*** Begin section ***
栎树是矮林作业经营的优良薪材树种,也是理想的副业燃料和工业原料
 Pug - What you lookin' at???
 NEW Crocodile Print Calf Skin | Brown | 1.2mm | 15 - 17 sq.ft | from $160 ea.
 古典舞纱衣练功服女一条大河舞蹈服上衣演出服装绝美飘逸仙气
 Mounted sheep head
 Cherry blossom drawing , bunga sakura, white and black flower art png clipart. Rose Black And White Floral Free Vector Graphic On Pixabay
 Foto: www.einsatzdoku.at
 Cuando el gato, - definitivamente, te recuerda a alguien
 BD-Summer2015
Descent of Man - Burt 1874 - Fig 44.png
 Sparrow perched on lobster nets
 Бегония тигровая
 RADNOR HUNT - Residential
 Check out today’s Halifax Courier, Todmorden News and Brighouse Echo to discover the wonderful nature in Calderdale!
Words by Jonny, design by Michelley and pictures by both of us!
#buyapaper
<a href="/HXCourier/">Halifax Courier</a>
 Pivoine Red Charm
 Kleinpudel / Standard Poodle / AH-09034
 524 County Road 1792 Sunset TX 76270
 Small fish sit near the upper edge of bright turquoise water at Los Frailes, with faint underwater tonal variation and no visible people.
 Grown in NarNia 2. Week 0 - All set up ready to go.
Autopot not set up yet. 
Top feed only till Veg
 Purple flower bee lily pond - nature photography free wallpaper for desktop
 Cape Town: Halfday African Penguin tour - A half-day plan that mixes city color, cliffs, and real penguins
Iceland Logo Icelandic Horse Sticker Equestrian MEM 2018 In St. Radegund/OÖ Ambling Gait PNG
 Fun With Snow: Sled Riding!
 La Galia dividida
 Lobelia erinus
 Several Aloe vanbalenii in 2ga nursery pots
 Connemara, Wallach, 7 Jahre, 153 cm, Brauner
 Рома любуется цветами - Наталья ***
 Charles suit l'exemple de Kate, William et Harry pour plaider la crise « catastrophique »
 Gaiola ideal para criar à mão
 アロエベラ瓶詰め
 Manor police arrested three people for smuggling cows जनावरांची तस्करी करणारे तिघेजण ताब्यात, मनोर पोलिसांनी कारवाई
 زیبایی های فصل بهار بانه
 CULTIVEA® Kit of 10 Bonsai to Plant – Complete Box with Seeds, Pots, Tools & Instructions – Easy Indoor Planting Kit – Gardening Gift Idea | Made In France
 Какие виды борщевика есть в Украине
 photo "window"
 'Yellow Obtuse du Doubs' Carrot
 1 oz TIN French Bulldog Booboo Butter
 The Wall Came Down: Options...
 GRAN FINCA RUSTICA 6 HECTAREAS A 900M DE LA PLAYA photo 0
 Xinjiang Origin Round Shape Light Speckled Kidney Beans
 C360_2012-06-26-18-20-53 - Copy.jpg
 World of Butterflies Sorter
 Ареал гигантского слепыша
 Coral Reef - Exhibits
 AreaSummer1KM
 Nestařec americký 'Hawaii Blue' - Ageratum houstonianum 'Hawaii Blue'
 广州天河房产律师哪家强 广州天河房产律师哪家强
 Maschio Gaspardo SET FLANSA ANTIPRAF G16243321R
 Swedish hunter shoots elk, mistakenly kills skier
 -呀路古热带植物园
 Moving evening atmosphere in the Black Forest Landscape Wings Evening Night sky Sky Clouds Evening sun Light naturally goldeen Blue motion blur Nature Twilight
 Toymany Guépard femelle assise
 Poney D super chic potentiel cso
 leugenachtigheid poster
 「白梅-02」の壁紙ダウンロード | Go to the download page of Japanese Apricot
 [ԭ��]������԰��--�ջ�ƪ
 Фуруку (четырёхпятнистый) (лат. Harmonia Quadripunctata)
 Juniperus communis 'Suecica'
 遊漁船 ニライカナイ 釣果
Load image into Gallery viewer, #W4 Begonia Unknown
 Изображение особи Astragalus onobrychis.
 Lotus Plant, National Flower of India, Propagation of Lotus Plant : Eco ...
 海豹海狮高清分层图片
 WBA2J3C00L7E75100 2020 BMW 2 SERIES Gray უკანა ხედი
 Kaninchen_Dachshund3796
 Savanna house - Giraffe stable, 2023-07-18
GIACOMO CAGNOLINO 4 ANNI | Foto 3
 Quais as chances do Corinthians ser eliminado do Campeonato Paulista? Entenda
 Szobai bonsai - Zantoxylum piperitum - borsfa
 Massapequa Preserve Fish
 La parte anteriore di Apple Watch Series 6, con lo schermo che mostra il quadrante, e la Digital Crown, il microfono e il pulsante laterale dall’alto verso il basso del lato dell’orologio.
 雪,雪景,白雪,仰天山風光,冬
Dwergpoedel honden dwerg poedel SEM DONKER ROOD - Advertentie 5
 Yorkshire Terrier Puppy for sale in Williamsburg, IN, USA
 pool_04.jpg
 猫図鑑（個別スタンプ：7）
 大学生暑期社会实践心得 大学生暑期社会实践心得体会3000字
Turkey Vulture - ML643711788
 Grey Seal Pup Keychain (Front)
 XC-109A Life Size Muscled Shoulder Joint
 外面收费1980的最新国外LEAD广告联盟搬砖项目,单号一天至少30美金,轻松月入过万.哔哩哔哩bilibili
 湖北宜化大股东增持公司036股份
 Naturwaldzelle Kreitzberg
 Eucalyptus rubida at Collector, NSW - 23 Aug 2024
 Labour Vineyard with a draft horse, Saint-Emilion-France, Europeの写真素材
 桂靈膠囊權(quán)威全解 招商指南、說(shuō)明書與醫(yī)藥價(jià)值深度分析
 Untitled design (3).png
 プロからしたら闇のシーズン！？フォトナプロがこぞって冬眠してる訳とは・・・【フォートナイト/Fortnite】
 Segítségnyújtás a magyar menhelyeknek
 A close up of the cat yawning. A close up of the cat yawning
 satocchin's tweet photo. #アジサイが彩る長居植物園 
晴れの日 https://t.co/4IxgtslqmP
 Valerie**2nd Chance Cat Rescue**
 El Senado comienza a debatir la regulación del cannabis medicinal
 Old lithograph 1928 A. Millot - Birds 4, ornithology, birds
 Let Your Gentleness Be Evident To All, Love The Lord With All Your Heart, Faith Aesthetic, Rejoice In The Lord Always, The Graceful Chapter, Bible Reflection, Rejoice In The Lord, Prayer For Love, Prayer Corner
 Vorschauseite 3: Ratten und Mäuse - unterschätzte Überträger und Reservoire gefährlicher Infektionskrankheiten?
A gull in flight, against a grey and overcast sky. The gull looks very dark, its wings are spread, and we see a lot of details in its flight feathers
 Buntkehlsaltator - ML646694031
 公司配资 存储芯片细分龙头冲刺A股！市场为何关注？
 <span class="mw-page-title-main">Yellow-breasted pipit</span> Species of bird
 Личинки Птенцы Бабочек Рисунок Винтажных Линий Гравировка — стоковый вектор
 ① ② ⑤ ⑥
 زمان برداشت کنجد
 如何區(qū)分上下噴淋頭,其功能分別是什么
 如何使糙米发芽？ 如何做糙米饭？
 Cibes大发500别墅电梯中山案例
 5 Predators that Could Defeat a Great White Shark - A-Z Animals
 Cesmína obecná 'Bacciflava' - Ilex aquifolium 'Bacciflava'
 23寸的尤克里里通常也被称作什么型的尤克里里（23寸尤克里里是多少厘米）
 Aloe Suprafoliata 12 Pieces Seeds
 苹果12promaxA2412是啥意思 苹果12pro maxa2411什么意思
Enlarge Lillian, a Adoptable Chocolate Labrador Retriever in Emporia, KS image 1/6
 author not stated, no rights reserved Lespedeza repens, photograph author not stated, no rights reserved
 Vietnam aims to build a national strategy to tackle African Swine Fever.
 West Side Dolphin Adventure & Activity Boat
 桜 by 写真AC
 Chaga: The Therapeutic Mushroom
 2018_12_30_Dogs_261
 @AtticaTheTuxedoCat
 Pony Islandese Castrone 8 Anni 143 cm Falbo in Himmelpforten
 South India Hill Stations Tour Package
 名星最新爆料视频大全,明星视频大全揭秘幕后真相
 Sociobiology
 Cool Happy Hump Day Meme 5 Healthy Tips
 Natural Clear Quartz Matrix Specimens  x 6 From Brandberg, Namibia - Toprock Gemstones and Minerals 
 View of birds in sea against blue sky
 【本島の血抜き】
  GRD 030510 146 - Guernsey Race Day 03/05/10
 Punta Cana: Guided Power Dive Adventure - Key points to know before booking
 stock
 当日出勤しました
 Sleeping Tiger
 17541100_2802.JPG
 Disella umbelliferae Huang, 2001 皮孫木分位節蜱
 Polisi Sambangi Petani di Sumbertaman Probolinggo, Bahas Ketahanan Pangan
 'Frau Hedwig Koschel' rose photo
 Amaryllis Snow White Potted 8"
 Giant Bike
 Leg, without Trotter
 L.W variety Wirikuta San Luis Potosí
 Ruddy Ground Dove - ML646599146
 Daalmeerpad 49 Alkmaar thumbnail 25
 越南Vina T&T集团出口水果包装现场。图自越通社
*** End section ***
◆ **PROBLEM**
Copy out all lines of the listing where the word "Snow" appears.

◆ **RESULT**
 Fun With Snow: Sled Riding!
 Amaryllis Snow White Potted 8"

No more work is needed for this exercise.